Sería injusto centrarse en la figura pública de Bob Dylan para despreciar el hecho de que se le haya concedido el premio con más renombre de todo el mundo. Sí, Dylan ha cultivado como nadie su imagen de ‘Estrella del rock que desprecia su status’. Le ha costado mucho esconder su ambición personal, esconder que le emociona que tanta gente esté pendiente de él, que se le reconozca su papel principal como atomizador de toda una revolución intelectual. Hace tan bien su papel que su presencia a mediados de los 60 cambió para siempre el aspecto de las estrellas del rock, fue la primera de ellas que no parecía prefabricada por una malvada industria, que parecía libre de ir y venir a donde quisiera,de decir lo que quisiera y de vestir como le diera la gana. Lo que Dylan hizo casi desde sus inicios (al principio porque solo era un cantante folk de éxito) inspiró a The Beatles o a Beach Boys para tomar su propio camino, liberarse de las ataduras de la producción industrial a la que estaban sometidos y alumbrar discos como ‘Pet Sounds’ (1966) o ‘Sgt. Pepper´s Lonely Heart Club Band’ (1967).
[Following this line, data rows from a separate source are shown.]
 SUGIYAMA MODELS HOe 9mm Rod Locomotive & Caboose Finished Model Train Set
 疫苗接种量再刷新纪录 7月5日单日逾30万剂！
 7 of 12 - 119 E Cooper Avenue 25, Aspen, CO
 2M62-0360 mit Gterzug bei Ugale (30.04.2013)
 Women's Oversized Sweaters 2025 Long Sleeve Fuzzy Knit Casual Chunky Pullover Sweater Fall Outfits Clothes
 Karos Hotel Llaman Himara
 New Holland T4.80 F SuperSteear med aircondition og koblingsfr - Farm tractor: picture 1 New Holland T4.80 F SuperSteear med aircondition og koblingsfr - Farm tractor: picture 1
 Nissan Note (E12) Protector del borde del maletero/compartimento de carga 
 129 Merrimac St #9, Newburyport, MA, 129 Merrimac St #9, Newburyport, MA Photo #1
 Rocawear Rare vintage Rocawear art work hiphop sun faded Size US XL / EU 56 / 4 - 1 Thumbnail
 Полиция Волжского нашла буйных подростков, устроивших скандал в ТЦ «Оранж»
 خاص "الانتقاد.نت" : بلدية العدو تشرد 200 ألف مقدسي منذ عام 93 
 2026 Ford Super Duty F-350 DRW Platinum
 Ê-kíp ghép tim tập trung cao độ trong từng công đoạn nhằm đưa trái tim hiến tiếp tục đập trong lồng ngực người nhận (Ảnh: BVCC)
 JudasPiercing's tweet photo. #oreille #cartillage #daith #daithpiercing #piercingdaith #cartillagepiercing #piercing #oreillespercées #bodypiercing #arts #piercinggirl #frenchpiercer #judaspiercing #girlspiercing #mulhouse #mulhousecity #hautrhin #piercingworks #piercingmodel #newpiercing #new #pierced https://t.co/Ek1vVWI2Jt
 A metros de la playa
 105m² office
Dylan ha permanecido hierático, quejoso de la fama, huidizo del foco, se ha mostrado maleducado a veces con su público, se ha negado a hacerse presente cuando se le solicitaba para esta o aquella causa y ha llevado una vida personal mucho más que discreta para un personaje de su categoría. Sin hacer más gestos que estar o no estar Dylan ha demostrado que una verdadera estrella de rock hace siempre lo que le da la gana, que eso la define, por encima de tontear con las drogas, fotografiarse con grupies o tirar televisores por la ventana. Cultivar su talento, tener el control sobre su obra o mostrarse más que reticente a hacer guiños a la galería. En España se le recuerda uno: Su concierto del 93 en el anfiteatro de Mérida duró dos horas y media (¡Toma!), tuvo tres bises (¡Hala!) y Bob se permitió el lujo de dar unos tímidos pasitos de baile (¡Chaval!). Ni siquiera los organizadores de aquella gira se explican por qué Dylan se mostró tan solícito pero todo el mundo le echa la culpa a que el escenario (dio órdenes expresas de no cubrirlo) le impresionó mucho.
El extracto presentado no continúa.